En los casos que nos incumban, es necesario identificar nuestra posible afectación y la de nuestros proveedores principales, valorando posibles alternativas con proveedores diversos y con fuertes vínculos que permitan el abastecimiento, distribución y el transporte seguro de bienes y equipamiento.

-No hay que descuidar las connotaciones que pueden derivarse de los principales suministros energéticos, pensando en un posible desabastecimiento progresivo de aquellos que nos puedan afectar. Debemos analizar los principales productores, reservas disponibles o restricciones, analizando cómo puede impactar en nuestra actividad y en la de nuestros proveedores y evaluando nuestra dependencia y capacidad de aprovisionamiento. Todo ello para diversificar y así reducir nuestra dependencia en posibles situaciones de crisis o simplemente para aumentar la eficiencia en el uso de este tipo de suministros.

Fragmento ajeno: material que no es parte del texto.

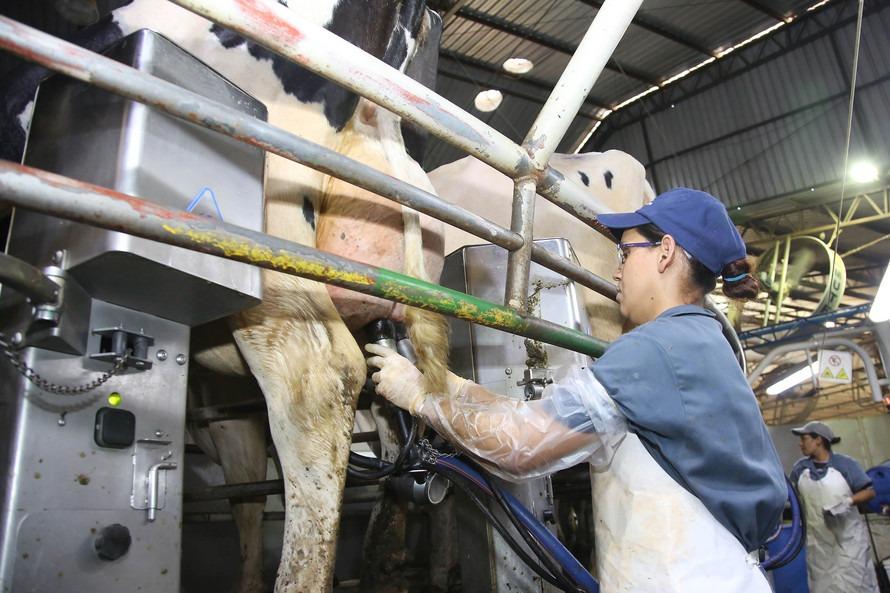 Estado é o segundo maior produtor de leite do Brasil, confirma IBGE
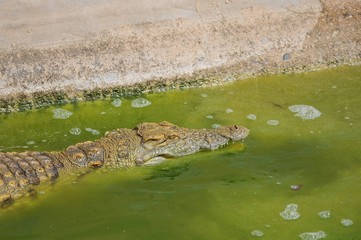 Alligator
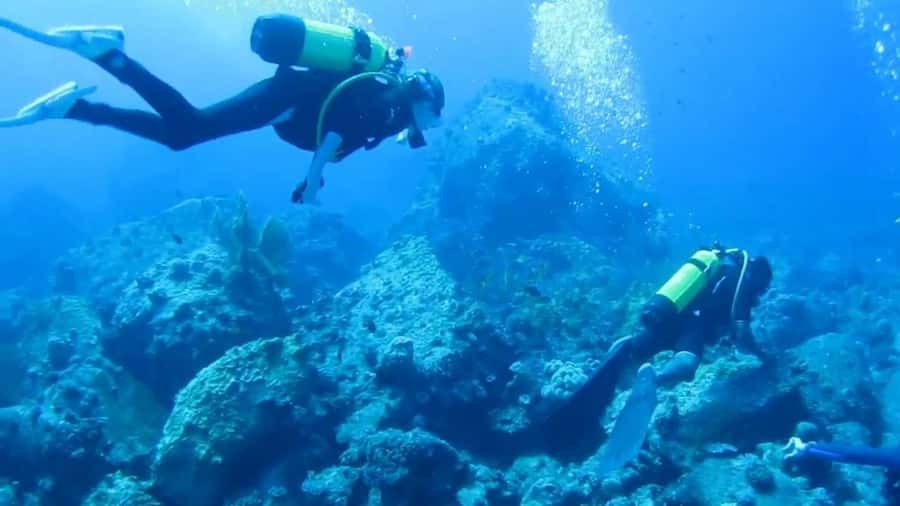 Diving in the North with Blue World Adventures - What happens at Le Méridien Ile Maurice (and why it matters)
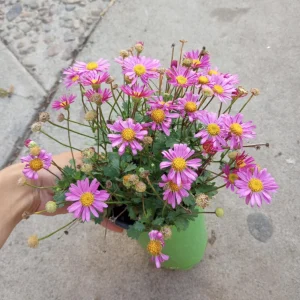 Brachyscome Pink Live Plant - 6 inch Pot - Daisy Bush for Indoor/Outdoor - Image 2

Seguridad, continuidad de la actividad

-Otro punto a tener en cuenta es el desabastecimiento de tecnología o equipamiento técnico que puede seguir empeorando, como consecuencia de intereses comerciales, sobreexplotación de los recursos mineros o carencia de stock en las empresas. Esta situación tiene un impacto directo en la producción, y debemos abordarla en relación a la continuidad de la actividad, valorando nuestra capacidad de disponer de remanentes vitales, con especial atención a su seguridad.

-También hay que estudiar los efectos de conflictos en curso como la guerra de Ucrania, como son las posibles consecuencias del uso intensivo de los drones, los cuales están siendo determinantes en el campo de batalla y en el impacto directo que tienen sobre la población civil. Una situación que puede empeorar con el uso de enjambres de estos aparatos. Esto está permitiendo desarrollar y adquirir tecnología barata, conocimientos y procedimientos que posteriormente podrían utilizarse en otros países para llevar a cabo acciones dirigidas o terroristas.

Por ello, debemos identificar nuestras vulnerabilidades a través del espacio aéreo y plantearnos si debemos proteger nuestros activos más vulnerables instalando sistemas de detección e inhibición, dentro de esa capa de seguridad (espacio aéreo) tan desprotegida en la mayor parte de las instalaciones.